Supply Chain Responsibility
On January 1, 2012, the California Transparency in Supply Chains Acts of 2010 (SB 657) (the “Act”) went into effect in the State of California.
The Act seeks the elimination of forced labor, slavery and human trafficking from product supply chains and requires that companies disclose their efforts to ensure their supply chains are free from forced labor, slavery or human trafficking.
As a full member of the Electronic Industry Citizenship Coalition (EICC), we review our supply chain, our suppliers’ practices and our policies and procedures with respect to our suppliers to ensure that our direct supply chain is free from forced labor, slavery or human trafficking, including the following:
- Written Policies and Procedures: In connection with joining the EICC, Isola has adopted the EICC Code of Conduct. The EICC Code of Conduct contains internationally recognized labor and human rights standards that include, among other things, freely chosen employment, child labor avoidance, restrictions on working hours, and humane treatment of employees. Further, the EICC Code of Conduct requires that we operate our business in compliance with all applicable labor laws, rules and regulations, including but not limited to, all laws forbidding the solicitation, facilitation or any other use of slavery or human trafficking, as those terms are defined in the Act. We have purchase agreements or purchase order terms and conditions in place requiring our suppliers to comply with international standards and applicable laws and regulations that prohibit forced labor, slavery or human trafficking.

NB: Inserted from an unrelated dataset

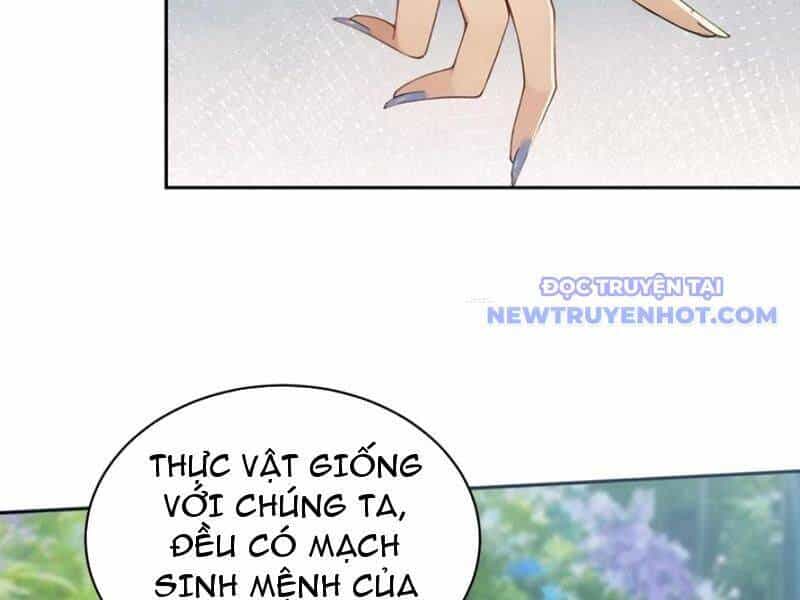 Bắt Đầu Với Tuyệt Sắc Sư Tôn: Hệ Thống Tổng Cục Phản Cốt - Chương 137.5 - ảnh 38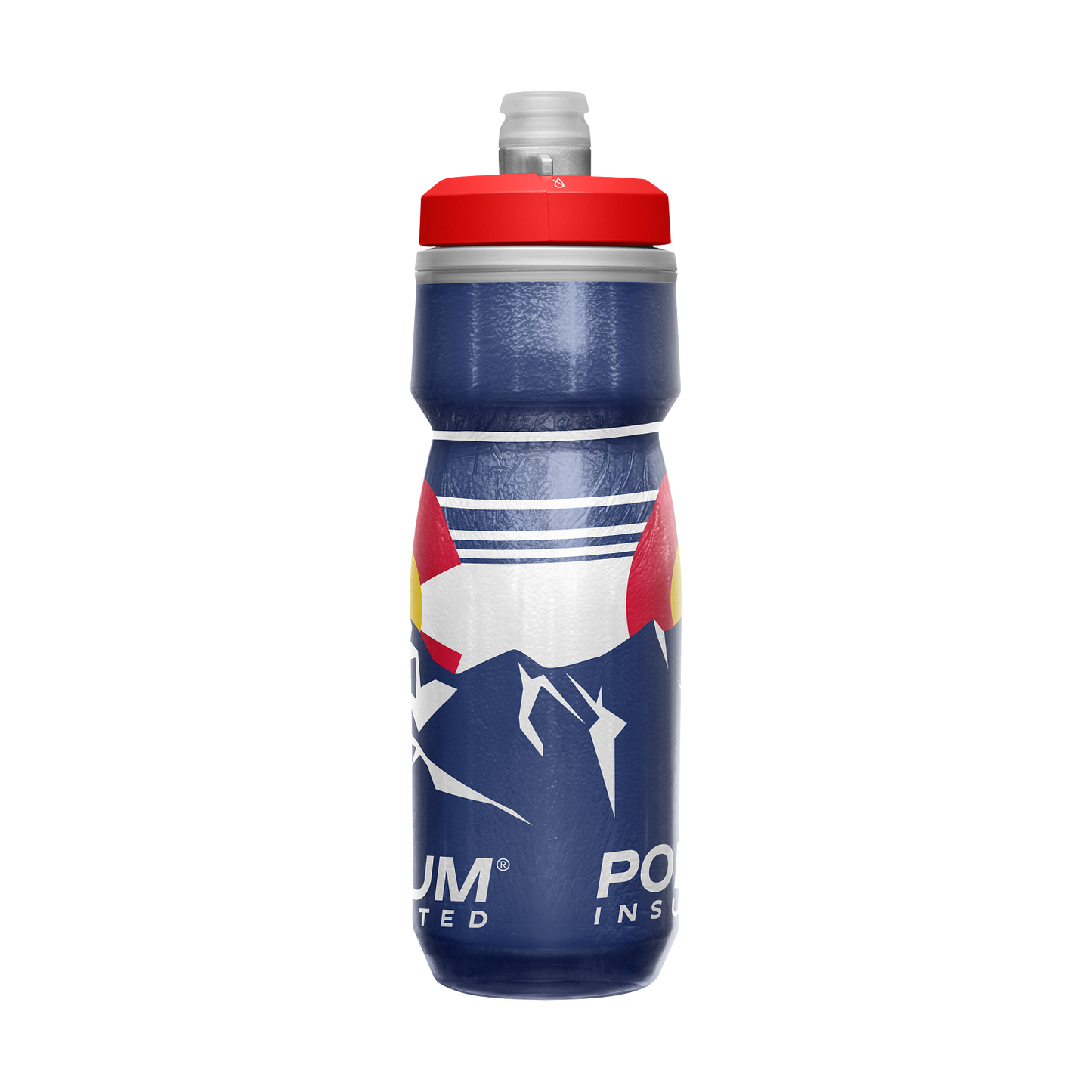 podium-chilltm-21oz-water-bottle-destination-series-ii-limited-edition-p9 clhki30pox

- Supplier Certifications: In 2015, we will verify that all of our suppliers have certified their compliance with EICC Code of Conduct, including the provisions barring the use of forced labor, slavery or human trafficking.
- Third-Party Audits: Shared audits of suppliers are conducted by various EICC members, including Isola, to ensure the suppliers are in compliance with the EICC Code of Conduct. These audits specifically address compliance with all applicable labor laws, rules and regulations governing forced labor, slavery and human trafficking, as set forth in the Act. These audits are announced to suppliers in advance and are conducted in accordance with a uniform EICC audit protocol. The EICC encourages its members to have these audits conducted by third party auditors, but EICC members may conduct these audits themselves provided that members’ internal company auditors have been specifically approved by the EICC Audit Program Manager. It is expected that over a period of several years all of the high-risk suppliers within the EICC supply chain will be audited.

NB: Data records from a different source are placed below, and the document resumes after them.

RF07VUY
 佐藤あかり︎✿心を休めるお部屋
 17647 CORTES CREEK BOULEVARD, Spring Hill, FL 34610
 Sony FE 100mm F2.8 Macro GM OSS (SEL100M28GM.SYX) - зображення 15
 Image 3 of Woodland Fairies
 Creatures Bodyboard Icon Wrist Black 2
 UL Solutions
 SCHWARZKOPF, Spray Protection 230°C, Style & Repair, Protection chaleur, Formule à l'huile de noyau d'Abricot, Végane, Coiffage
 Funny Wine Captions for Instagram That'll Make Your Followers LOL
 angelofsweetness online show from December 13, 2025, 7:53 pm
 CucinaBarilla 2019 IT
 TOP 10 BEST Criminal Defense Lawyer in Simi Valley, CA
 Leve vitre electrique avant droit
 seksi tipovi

- Accountability Standards: Isola has a zero tolerance policy for violation of the laws banning forced labor, slavery or human trafficking. If we determine that a supplier violated any of these laws, we will remove the supplier from our approved vendor list. In addition, any Isola employee who fails to alert executive management of any prohibited activities concerning slavery and trafficking by Isola suppliers will be subject to discipline, up to and including termination of employment.
- Employee Training: While personnel working in Isola’s Supply Chain management have reviewed and are familiar with this statement on supply chain responsibility, we currently do not offer formal training on this statement.We are in the process of implementing a new learning management system and plan to expand our training efforts to include supply chain training by the end of 2016.
Isola is committed to taking necessary measures to ensure our direct supply chain is free from forced labor, slavery and human trafficking. We will continue to update our policies and procedures as needed to safeguard against any mistreatment of persons involved in our direct supply chain.